• **What needs to be done**: The answer is the line with "Item preview, Dynamic" and every line after it to the end of the listing, retyped exactly. Pictures do not belong in it.

• **Information shown**:
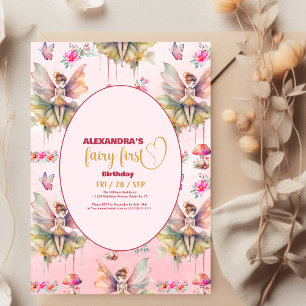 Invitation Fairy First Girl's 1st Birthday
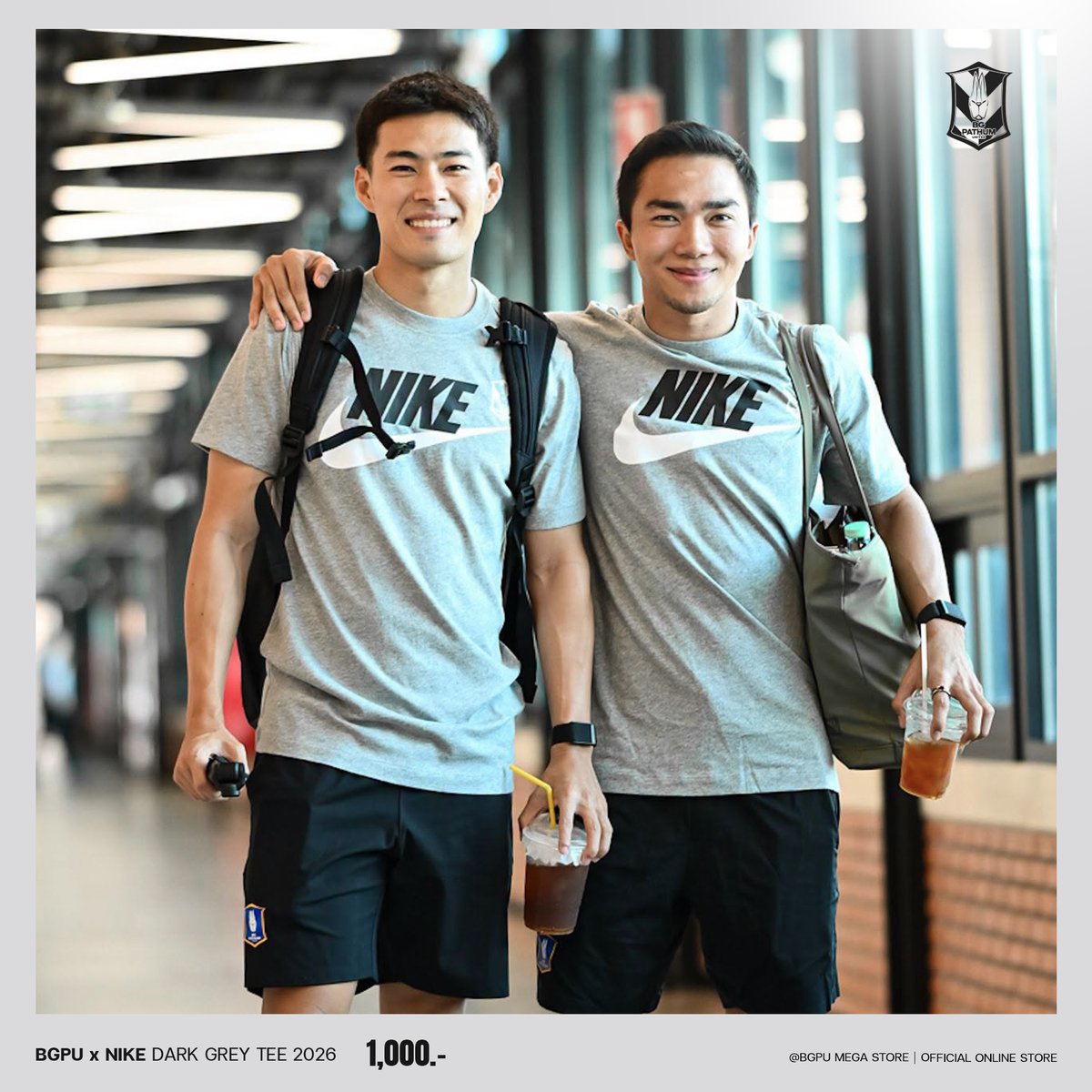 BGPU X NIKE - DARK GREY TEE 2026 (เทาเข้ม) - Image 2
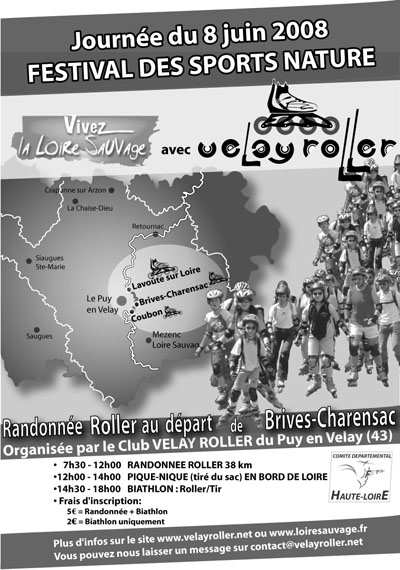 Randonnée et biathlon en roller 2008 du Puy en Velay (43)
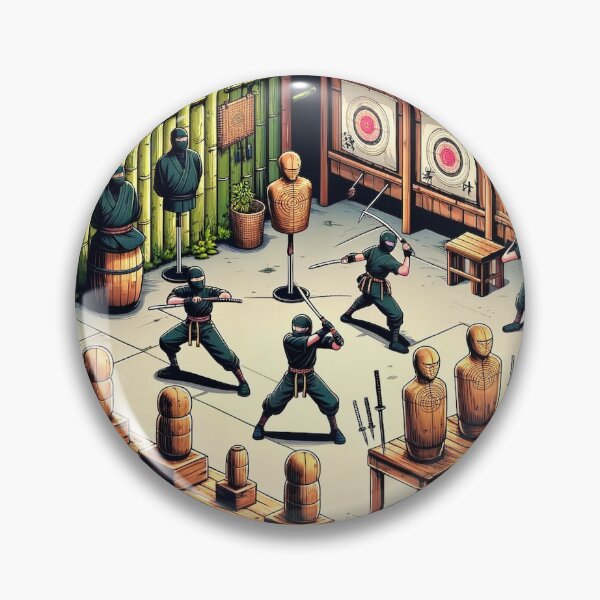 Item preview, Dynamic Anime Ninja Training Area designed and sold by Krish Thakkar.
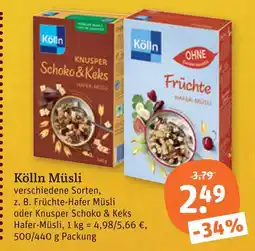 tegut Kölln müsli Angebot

• **Response to this exercise**:
 Item preview, Dynamic Anime Ninja Training Area designed and sold by Krish Thakkar.
 tegut Kölln müsli Angebot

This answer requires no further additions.